TLDR: This is highly motivating because it confirms a bunch of what I’ve cobbled together myself.
This guys method is similar to my method:
anki plus tons of audio and youtube.
He augmented it with talking to tons of people afterwards (which is different than my method).
It’s interesting, though, that he took an intense focus on something that I know about and used a little bit but didn’t focus on entirely, which is the IPA system.
My hypothesis comparing my own results to his (I’m at just under a year in Russian) is that my Russian was slowed down because I did NOT focus enough on IPA. The phonology of Russian is sufficiently different than English that it killed my comprehension of the individual vowels and consonants. It took me nearly 7-8 months before the sounds started to feel natural to me.
I haven’t yet talked much (only 5 times) to native speakers so I can’t compare there.
The best comparison I have is what I did with Spanish: almost identical but at about a year I immersed myself in Latin culture and talked for at least 5 hours a week. I speak pretty good Spanish with a reasonable Mexican accent.
So I have no doubt at all that this guy’s method works.
Specific commentary on his method follows:
EDIT: one thing he does that is interesting is that he “speaks to himself”. I definitely don’t do that so maybe that’s why my speaking is nowhere as good as my listening but I can say that the Universe of memory guy says that speaking words out loud helps massively. The Glossika guy’s entire method is just based on repetition of phrases out loud. And there’s also stuff like Pimsleur and Dave Thomas so maybe there’s something to it.
EDIT 2: There is one thing the guy has right but his reasoning is wrong. He is right that you need to keep a habit up (i.e. do some every day - in my case 1-2 hours). He’s wrong about it merely being to do with lack of motivation.

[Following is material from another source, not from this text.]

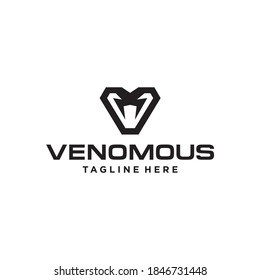 modern viper snake head logo icon vector design, simple venomous cobra logo for sport game team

IMHO the lack of motivation is caused by lack of belief in success due to a very long feedback situation as well as a high threshold before you feel like you can understand anything. The difficult part is to know that it works and keep on going. In my case I had no problem “knowing” that my method would work for French because I had done something similar with Spanish (albeit I didn’t have audio for Spanish in the anki equivalent I used back in the day). The second thing I did was give myself a time limit so that my target was do it HARD for “just” six months and then quit. So both of those things over-rode my lack of belief, which again IMHO is the total killer of motivation. With Russian, however, the lack of belief crept in because I had never had success at a “hard” language. I had to come up with a proxy belief by the fact that Ikenna and Steve Kaufman’s methods both overlap with my own. At times I felt like giving up because the progress on Russian felt painfully slow. But at six months I had definitely made acceptable progress. And right now at 11 months I can’t quite say I can “speak” Russian (although I absolutely can) because my grammar is horrible. But I can definitely have a conversation and I can understand several youtubers in Russian perfectly. Although I haven’t quite achieved my target of being able to perfectly understand TV shows in netflix yet.
EDIT 3: I’m delighted to hear he shares my belief in “don’t study grammar” as I suspect this means that the Mandarin Grammar is not very complicated to master.
In Russian, however, the grammar is pretty complicated because it has cases, declensions and conjugations. So I agree AND disagree with him. What I would say is this: don’t worry about grammar in the beginning in any language. If, however, your language is grammar heavy (e.g. Russian) you are definitely going to have to dig into it at some point but I would leave it until at least six months in. If it’s not grammar heavy then yeah, ignoring grammar you’ll pick up what grammar it does have just by listening/reading/being exposed to it.